We propose to develop a series of low latency file system solutions
based on a programmable disk. This is accomplished by
combining the knowledge of both the file system semantics and disk
mechanism, and by avoiding storage system bottlenecks and interference
with host operations. Unlike the ``Active Disk'' approach that
offloads processing onto the disk
processors, our approach obeys
existing file system interfaces to transparently improve performance
of legacy software without excluding sophisticated customizations.
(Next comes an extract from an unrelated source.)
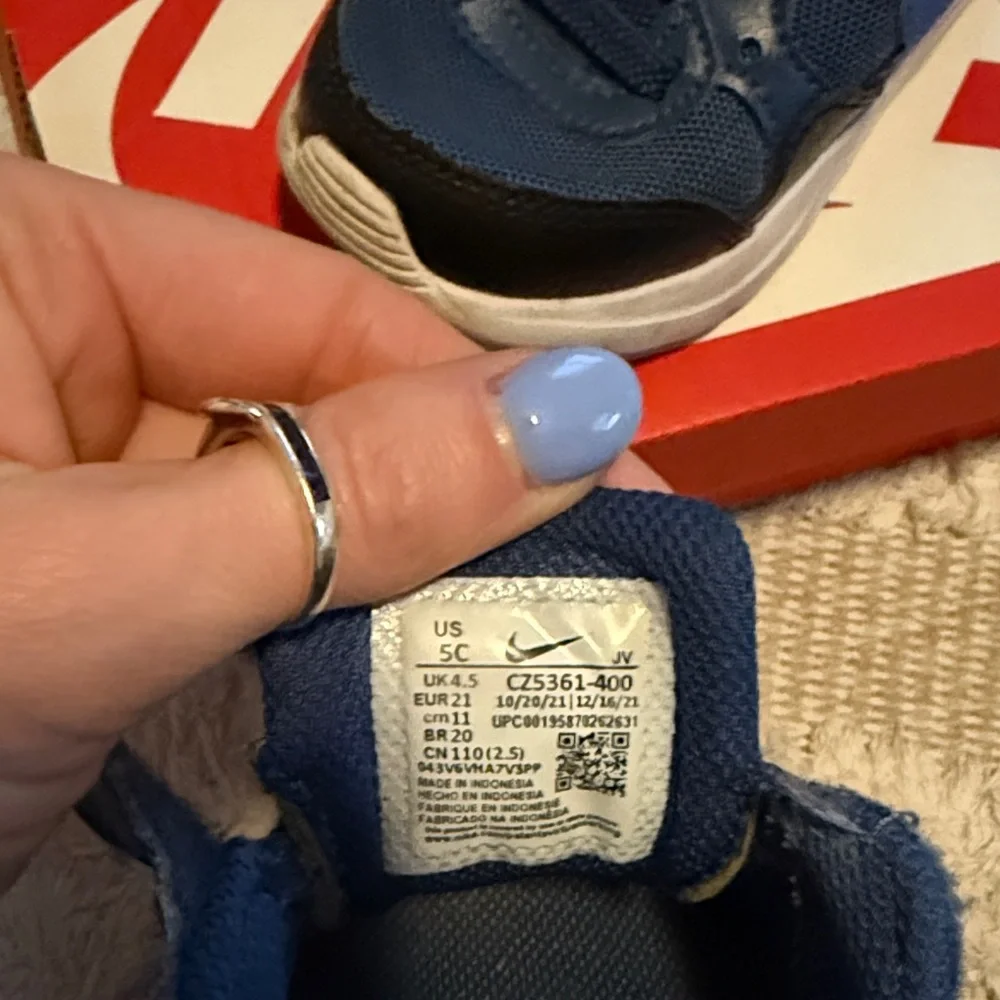 Nike Kids Navy and Black Sneakers - Picture 5 of 5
The proposal covers a full spectrum of options, ranging from
single-disk solutions to multiple-disk ones, from logical disks to
more closely integrated solutions, and from single-host systems to
clustered systems.
Local File Systems for Programmable Disks Our initial goal is exceptional transaction latency. This is accomplished by two key technologies. The first is eager writing, the strategy of writing to the closest free sectors near the current disk head location. The second is a virtual log, a transactional log whose entries are not physically contiguous. We then generalize this approach for multiple disks (called a MimdRAID) by aggressively exploiting parallelism. Our preliminary study has demonstrated an order of magnitude improvement in transaction latency. We believe it is possible to widen the gain to three orders of magnitude by further attacking the weaknesses uncovered in the current study and by riding the impressive trend of the disk density growth. This also provides a powerful mechanism for addressing real time constraints. A Network File System for a Cluster of Intelligent Disks We will develop a low latency cluster file system that centers around the SHRIMP multicomputer interconnect. There are three interesting features. First, this new system exploits the distributed device intelligence and allows a rich array of communication patterns including disk-to-disk and disk-to-device. Second, unlike existing network attached disks, this closely coupled system can take advantage of the ``virtual memory-mapped communication'' to perform protected low-latency communication. We plan to investigate the construction of a reliable and coherent global file cache using this powerful mechanism. Third, we plan to explore the MimdRAID concepts described above in the cluster context. By combining these features, we believe we can exceed the performance gain seen on the local file system. Application Demonstrations and I/O Programming Models The Princeton Display Wall Project presents a challenging I/O application. We will orchestrate an end-to-end I/O solution which includes new I/O programming models to allow explicit application control. This programming model can elegantly and efficiently support multi-user and multi-process workloads in a way that is impossible with traditional stream based approaches. Innovative security mechanisms will allow us to safely run injected code without sacrificing performance. |